*Task to complete*
Exclude the pictures, and otherwise reproduce the data in full.

*The input*
++++

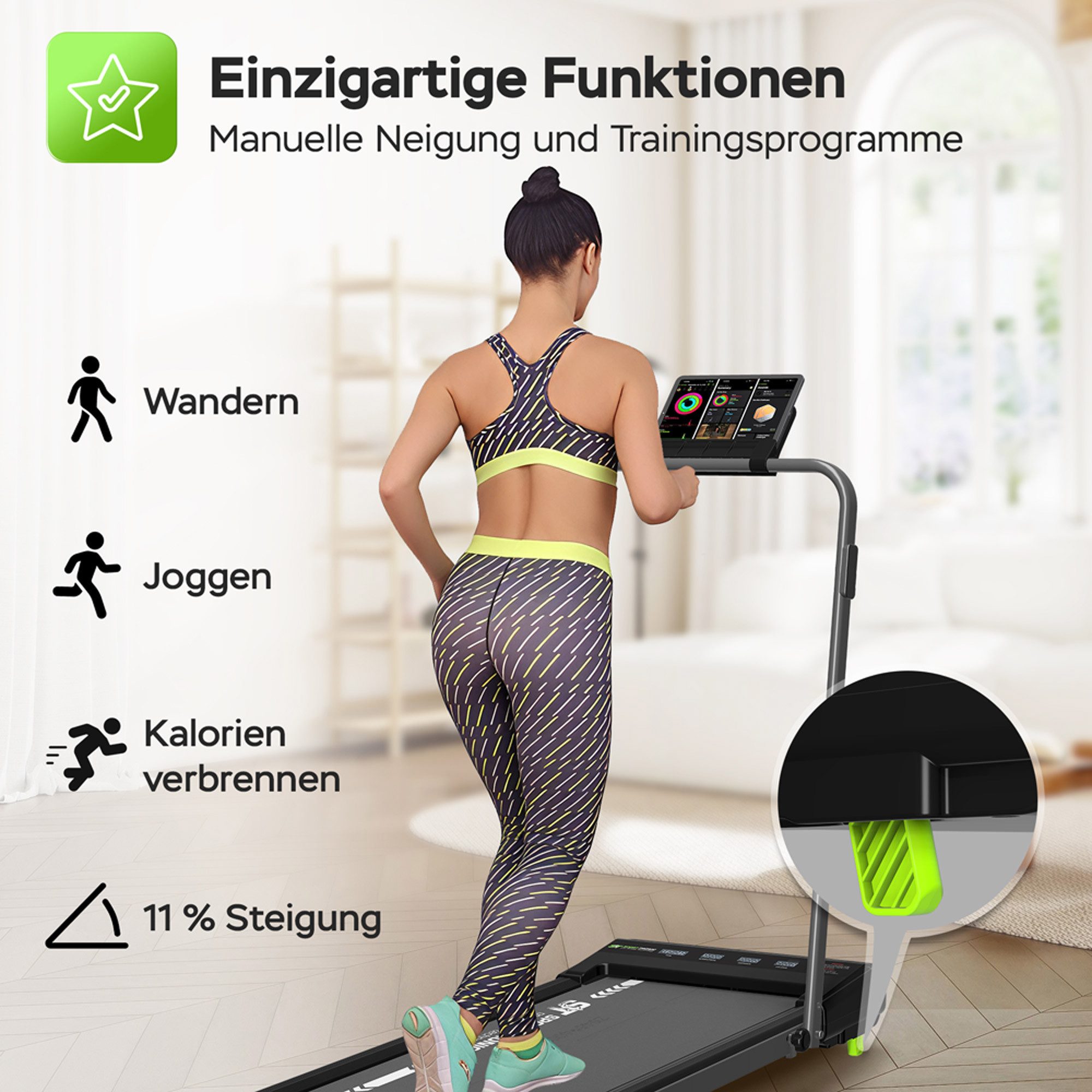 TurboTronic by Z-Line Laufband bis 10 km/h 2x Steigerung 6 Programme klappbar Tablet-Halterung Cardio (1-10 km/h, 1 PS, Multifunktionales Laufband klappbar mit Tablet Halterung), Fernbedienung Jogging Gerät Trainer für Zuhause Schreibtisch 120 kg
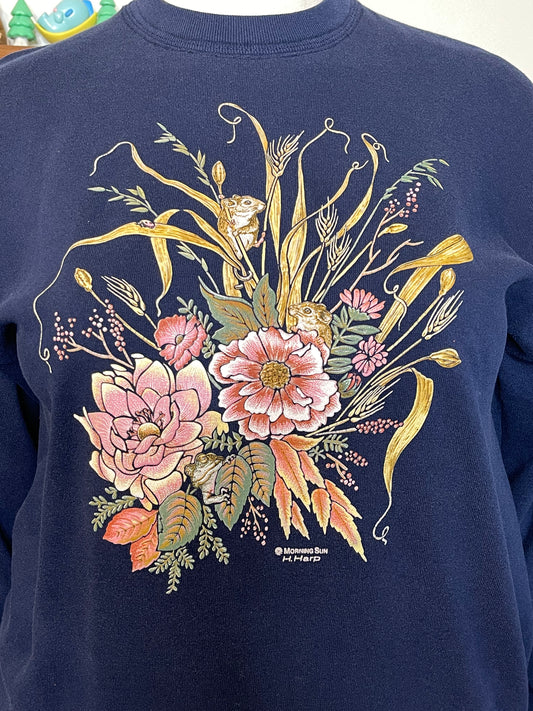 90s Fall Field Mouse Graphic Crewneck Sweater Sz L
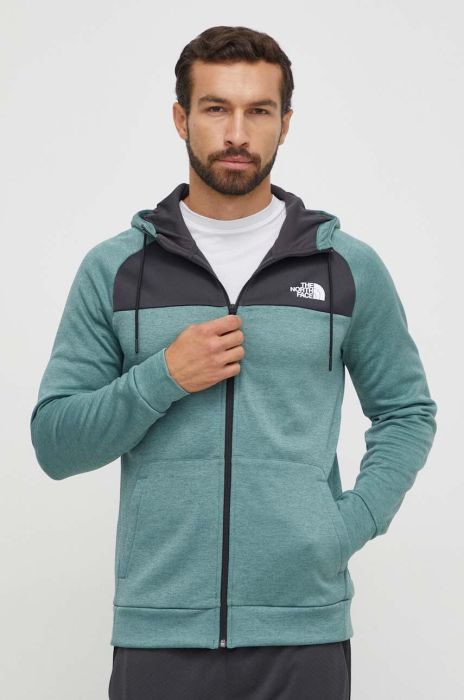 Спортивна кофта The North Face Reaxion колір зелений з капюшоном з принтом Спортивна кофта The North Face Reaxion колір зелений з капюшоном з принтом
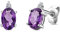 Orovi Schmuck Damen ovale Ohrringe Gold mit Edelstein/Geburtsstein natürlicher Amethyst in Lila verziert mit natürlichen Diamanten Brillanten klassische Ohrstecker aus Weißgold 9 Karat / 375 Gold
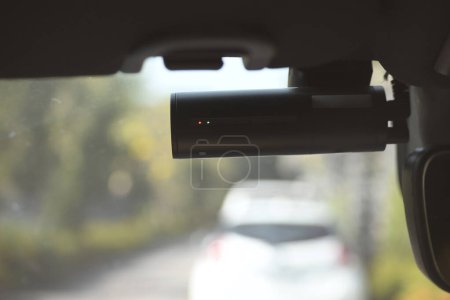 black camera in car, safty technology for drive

++++

*Solution to the exercise*
 TurboTronic by Z-Line Laufband bis 10 km/h 2x Steigerung 6 Programme klappbar Tablet-Halterung Cardio (1-10 km/h, 1 PS, Multifunktionales Laufband klappbar mit Tablet Halterung), Fernbedienung Jogging Gerät Trainer für Zuhause Schreibtisch 120 kg
 90s Fall Field Mouse Graphic Crewneck Sweater Sz L
 Спортивна кофта The North Face Reaxion колір зелений з капюшоном з принтом Спортивна кофта The North Face Reaxion колір зелений з капюшоном з принтом
 Orovi Schmuck Damen ovale Ohrringe Gold mit Edelstein/Geburtsstein natürlicher Amethyst in Lila verziert mit natürlichen Diamanten Brillanten klassische Ohrstecker aus Weißgold 9 Karat / 375 Gold
 black camera in car, safty technology for drive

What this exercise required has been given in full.